In an industry so saturated with talent and young blood, how can we stand out? “There are two facets: the first is on a personal level. Be harder working than anyone else, be prepared to work your ass off, don’t make excuses, be honest if you don’t know something, be humble, don’t backstab, be known for being trustworthy, be known for being hardworking. The second facet, which is not lesser, is know what your sound is: it will emerge, you can’t pick it. You have to let it evolve. Find out what it is, define your sound. Once you find out what sound you have – such a hard thing for any artist to do – ensure you can definitively do it, but also communicate that that’s what your thing is.

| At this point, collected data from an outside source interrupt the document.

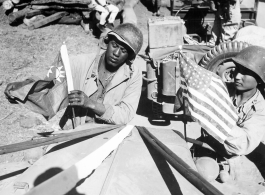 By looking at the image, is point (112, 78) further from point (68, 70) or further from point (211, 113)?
point (211, 113)

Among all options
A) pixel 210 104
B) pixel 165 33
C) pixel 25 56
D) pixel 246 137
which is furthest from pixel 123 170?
pixel 25 56

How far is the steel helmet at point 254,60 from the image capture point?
3182 mm

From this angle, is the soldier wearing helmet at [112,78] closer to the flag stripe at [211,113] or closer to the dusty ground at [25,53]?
the flag stripe at [211,113]

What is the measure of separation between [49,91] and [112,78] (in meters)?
0.77

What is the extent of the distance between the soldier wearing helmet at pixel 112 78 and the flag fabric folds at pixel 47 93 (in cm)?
21

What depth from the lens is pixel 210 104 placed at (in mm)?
3184

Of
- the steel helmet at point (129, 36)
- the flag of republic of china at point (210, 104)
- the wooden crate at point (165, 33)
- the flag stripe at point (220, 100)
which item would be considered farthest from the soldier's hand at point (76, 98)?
the wooden crate at point (165, 33)

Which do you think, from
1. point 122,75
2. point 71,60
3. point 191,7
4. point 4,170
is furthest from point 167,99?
point 191,7

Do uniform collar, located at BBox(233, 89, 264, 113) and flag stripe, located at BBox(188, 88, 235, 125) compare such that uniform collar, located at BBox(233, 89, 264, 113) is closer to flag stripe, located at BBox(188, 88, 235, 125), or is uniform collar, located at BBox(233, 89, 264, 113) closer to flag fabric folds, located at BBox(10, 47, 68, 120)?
flag stripe, located at BBox(188, 88, 235, 125)

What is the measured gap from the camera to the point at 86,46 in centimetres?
998

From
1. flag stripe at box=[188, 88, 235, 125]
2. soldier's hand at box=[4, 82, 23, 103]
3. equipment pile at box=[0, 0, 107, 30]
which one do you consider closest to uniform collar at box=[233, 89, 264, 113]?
flag stripe at box=[188, 88, 235, 125]

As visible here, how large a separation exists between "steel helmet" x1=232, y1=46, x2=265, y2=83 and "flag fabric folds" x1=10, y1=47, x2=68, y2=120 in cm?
191

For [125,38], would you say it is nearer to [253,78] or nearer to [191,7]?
[253,78]

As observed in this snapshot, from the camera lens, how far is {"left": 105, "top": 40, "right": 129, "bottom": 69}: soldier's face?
11.3 ft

If people can’t understand what you do or what you’re about, then they can’t connect with it. They can’t come to you if they don’t know what it is. I guess it’s like any marketing. If you have a shop and I don’t know what you sell, every time I walk past your shop I’m going to be really confused, like “I feel like they’re doing a thing in there, but I don’t know what it is. Great!””
Finally, what can we expect to see from Kallie in the future? “I’m yet to score a full length feature. I want to write music for a video game, so I intend to keep knocking on people’s doors. But I definitely want to keep producing bands, I love it so much. There are so many artists I love to work with, if anyone wants to work they just have to say hi.”